# Kratom anyone?



## Arisa1536 (Dec 8, 2009)

So after finding kava too bitter and horrible to drink as well as give me a massive headache, i took kratom today for the first time
I read up about it on a website and mixed with my effexor it feels like i have taken a lot of diazepam but i haven't :boogie
Its goooood stuff 

LINK


> Kratom is a tree native to Southeast Asia (Thailand, Malaysia, Myanmar [Burma], and elsewhere). Its botanical name is Mitragyna speciosa. Kratom is in the same family as the coffee tree (Rubiaceae). The leaves of kratom have been used as an herbal drug from time immemorial by peoples of Southeast Asia. It is used in folk medicine as a *stimulant* (at low doses), *sedative* (at high doses), *recreational drug, pain killer, medicine for diarrhea, and treatment for opiate addiction.*


My husband ordered it from the U.K and amazingly we got it delivered to new zealand as its not illegal here and its something i would recommend since i am a bit of a n00b when it comes to non rx medications and Its also good for stimulation in small doses (2-7grams) Sedation and sleep (7-15 grams) Euphoria and opiate withdrawal (15-25grams) although as with all supplements there are risks in taking too much too fast and tolerance can build up however its easier to get than benzos over here and its safer, natural and helps, it also does not taste gross and its completely killed my appetite  at first i craved coffee :hyper:cup then the sedation kicked in so i am off for a sleep

But i do advise getting some if you are unable to attain anything other than basic Antidepressant medication to augment OR you are stuck with a pdoc who keeps pushing Antipsychotics or Tetracyclic junk like remeron down your throat and they are better than antihistamines and i have tried a lot of 
Hay fever meds too








Oh but its illegal in Australia unfortunately :blank


----------



## Recipe For Disaster (Jun 8, 2010)

Hey Arisa. DIdn't I recommend kratom to you? 
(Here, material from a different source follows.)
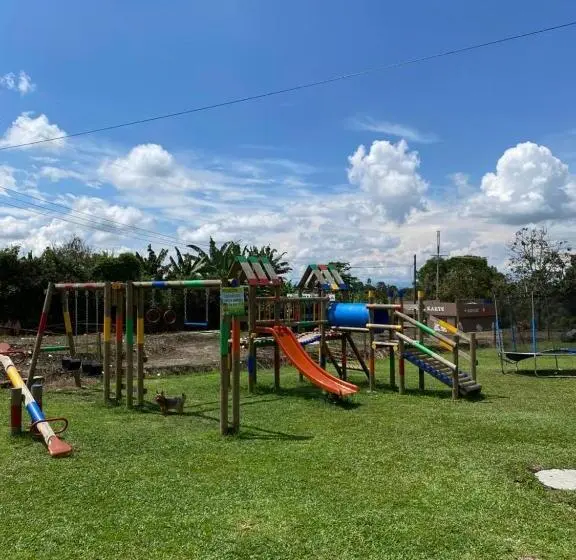 ホテル Mahawi Resort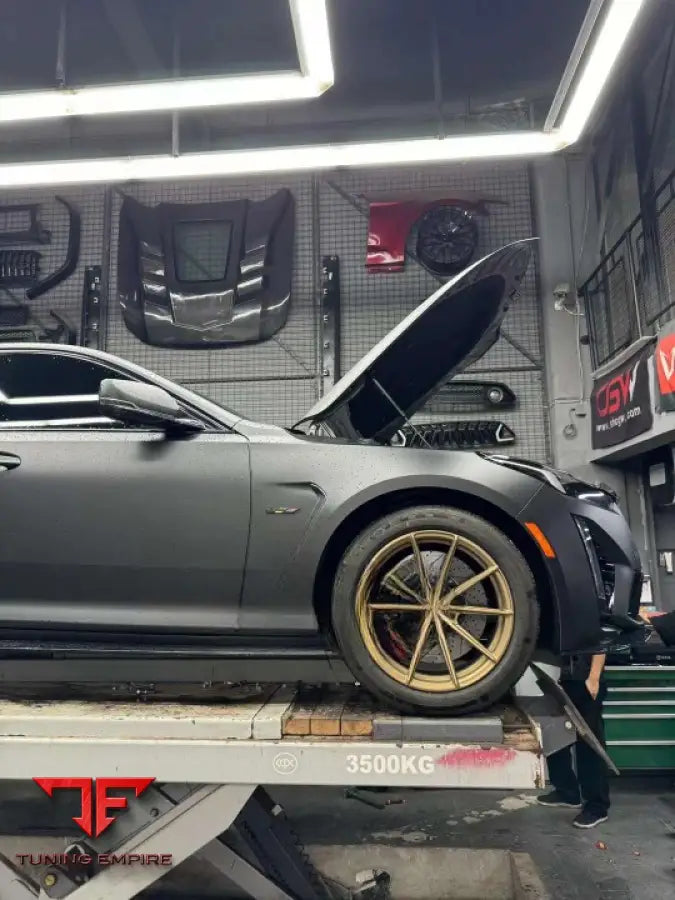 CADILLAC CT5 2019 + BODY KIT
ANyway, I used to take kratom but I switched over to opiates because kratom gives me scary nods and killer next day hangovers. Opiates by contrast grant a very similar high with much less next day hangover and no bad trips. It's easier for me to handle mushrooms than kratom, LOL.


----------



## scriabin221 (Nov 16, 2008)

I'd like to try it someday, I've done many other opiates, so why not? 

Don't take it often, though. You'll get hooked and that won't help you at all. That stuff can be addictive as hell, but I guess it's better than being addicted to heroin.


----------



## Arisa1536 (Dec 8, 2009)

Recipe For Disaster said:


> Hey Arisa. DIdn't I recommend kratom to you?
> 
> ANyway, I used to take kratom but I switched over to opiates because kratom gives me scary nods and killer next day hangovers. Opiates by contrast grant a very similar high with much less next day hangover and no bad trips. It's easier for me to handle mushrooms than kratom, LOL.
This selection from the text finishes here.